__AVAILABLE DATA__:
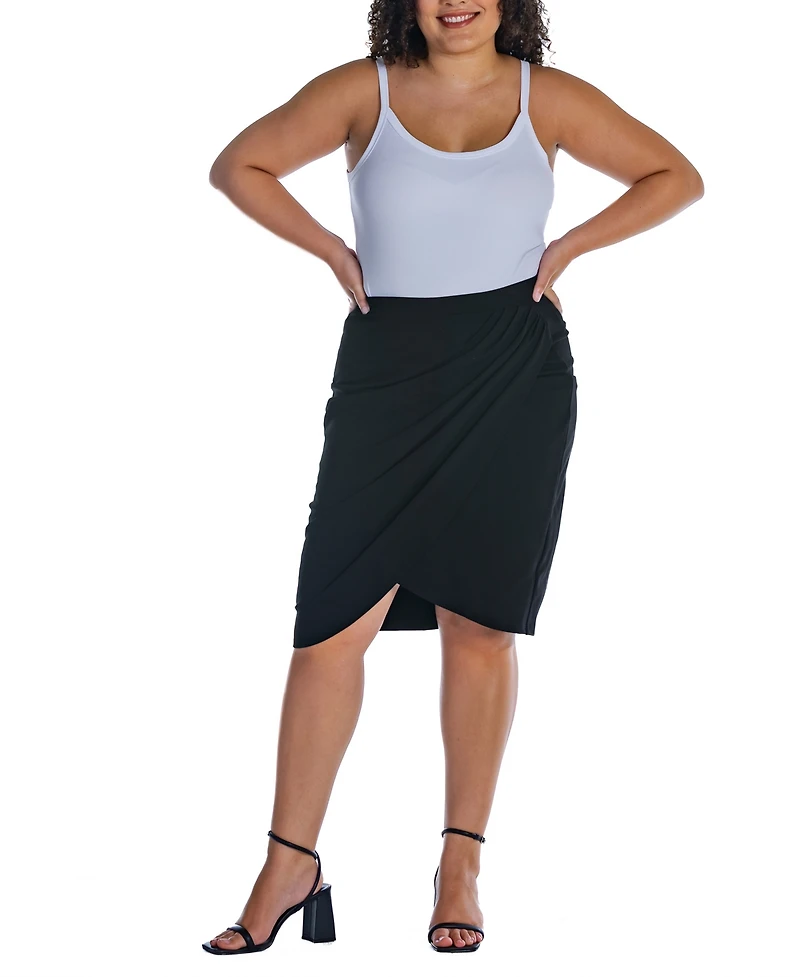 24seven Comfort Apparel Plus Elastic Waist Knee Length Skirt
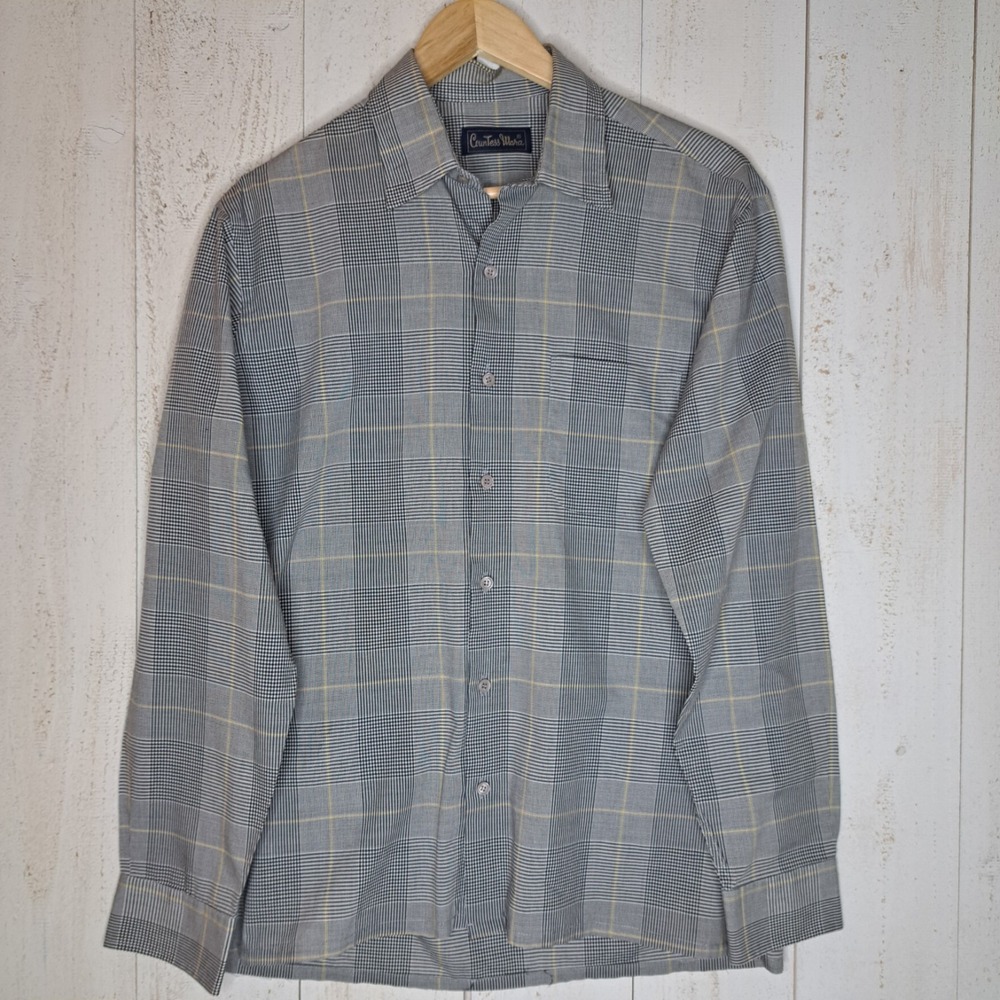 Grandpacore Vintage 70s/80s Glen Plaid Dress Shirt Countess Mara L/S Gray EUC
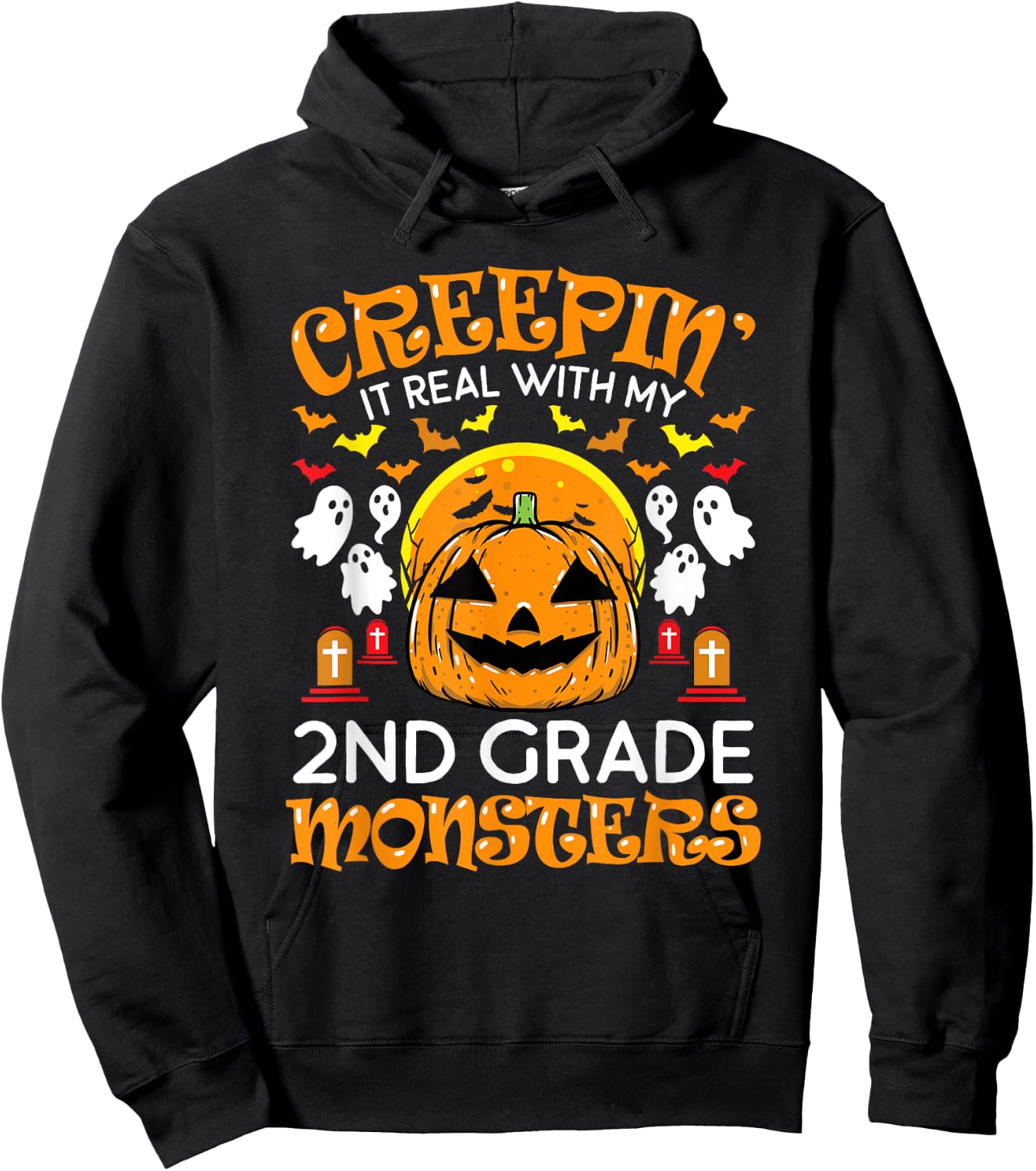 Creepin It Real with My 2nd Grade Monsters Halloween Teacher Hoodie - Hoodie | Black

---

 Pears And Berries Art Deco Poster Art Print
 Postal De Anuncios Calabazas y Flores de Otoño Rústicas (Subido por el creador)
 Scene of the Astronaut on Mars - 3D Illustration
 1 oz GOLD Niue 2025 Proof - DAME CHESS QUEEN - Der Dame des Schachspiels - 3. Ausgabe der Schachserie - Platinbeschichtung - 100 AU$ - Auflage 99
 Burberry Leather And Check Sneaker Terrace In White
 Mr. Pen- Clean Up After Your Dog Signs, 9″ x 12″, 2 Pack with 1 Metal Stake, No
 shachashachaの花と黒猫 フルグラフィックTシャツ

==

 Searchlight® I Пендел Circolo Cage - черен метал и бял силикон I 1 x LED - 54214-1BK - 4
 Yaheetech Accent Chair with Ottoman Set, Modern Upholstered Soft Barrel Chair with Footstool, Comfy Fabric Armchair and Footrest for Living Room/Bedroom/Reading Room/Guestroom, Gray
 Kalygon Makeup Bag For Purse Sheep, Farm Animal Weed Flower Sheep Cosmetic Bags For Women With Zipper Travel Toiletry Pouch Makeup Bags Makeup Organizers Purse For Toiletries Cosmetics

__WHAT THIS TASK INVOLVES__:
Retype exactly, and only, the lines above from the one where "Pears And Berries Art Deco Poster Art Print" occurs up to and including the one where "shachashachaの花と黒猫 フルグラフィックTシャツ" occurs.

__RESPONSE TO THIS EXERCISE__:
 Pears And Berries Art Deco Poster Art Print
 Postal De Anuncios Calabazas y Flores de Otoño Rústicas (Subido por el creador)
 Scene of the Astronaut on Mars - 3D Illustration
 1 oz GOLD Niue 2025 Proof - DAME CHESS QUEEN - Der Dame des Schachspiels - 3. Ausgabe der Schachserie - Platinbeschichtung - 100 AU$ - Auflage 99
 Burberry Leather And Check Sneaker Terrace In White
 Mr. Pen- Clean Up After Your Dog Signs, 9″ x 12″, 2 Pack with 1 Metal Stake, No
 shachashachaの花と黒猫 フルグラフィックTシャツ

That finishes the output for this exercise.